Histochemical methods are especially valuable in the study of plant stress physiology, as it is possible not only to monitor the subcellular sites of secondary metabolite, enzyme and ROS production upon an exogenous stimulus but also to evaluate the impact on organelles. The possibility of synthesizing tagged building blocks used for the synthesis of biological macromolecules, such as lignin (see above), provides information on complex processes in vivo. Likewise, the use of click chemistry to specifically label cell components offers essential information on for example, the in vivo dynamics of plant membranes (Voiniciuc et al. 2018).

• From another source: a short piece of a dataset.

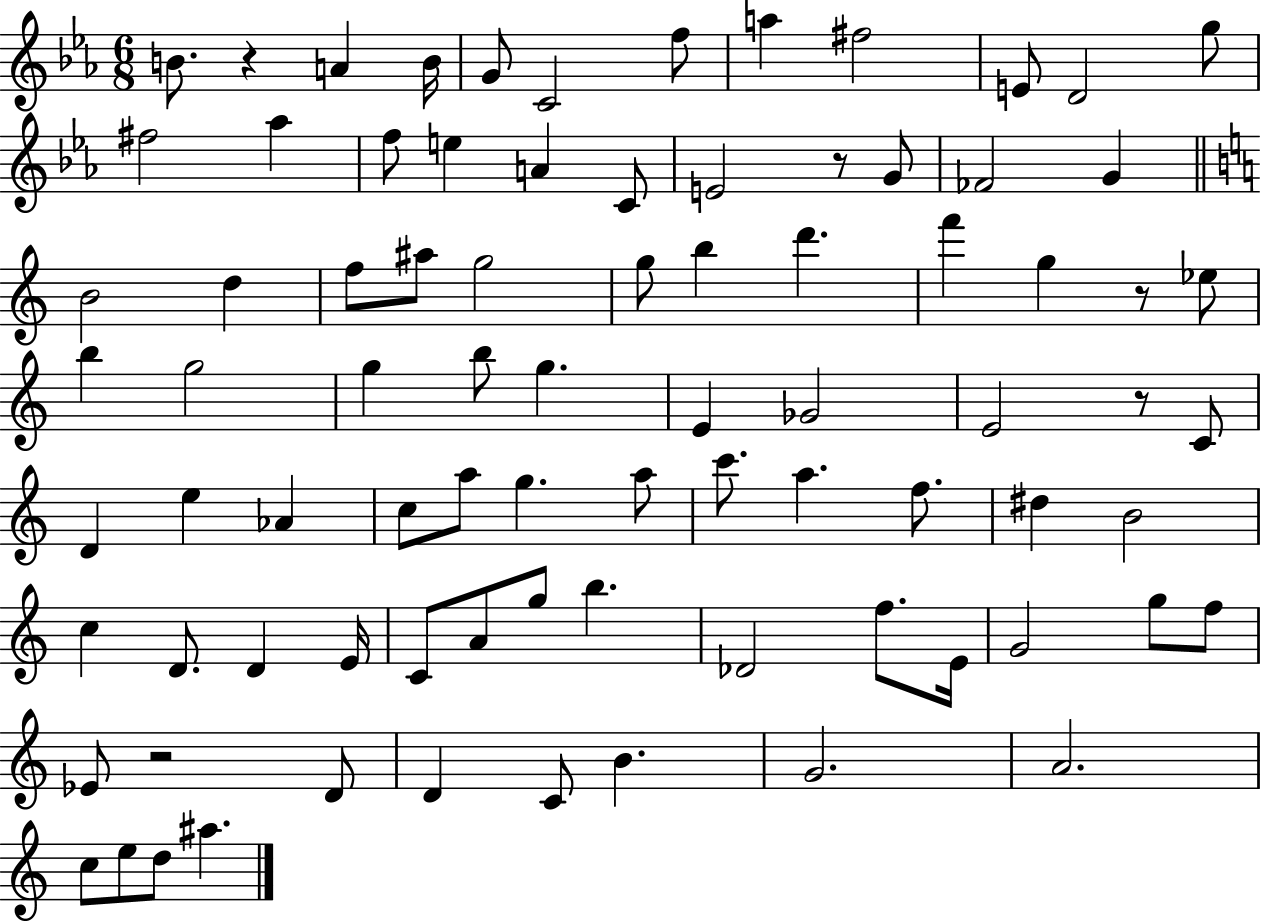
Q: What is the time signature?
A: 6/8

We, therefore, emphasize the importance of complementing high-throughput studies with histochemical analyses to get information on the spatial distribution of specific cell (macro) molecules, biogenic minerals and elements.
Acknowledgment
The authors would like to thank Head of the Department, University of Allahabad, Allahabad, India, for providing the necessary facilities to carry out the work.
Disclosures
Authors are declared that they don’t have any conflict of interest.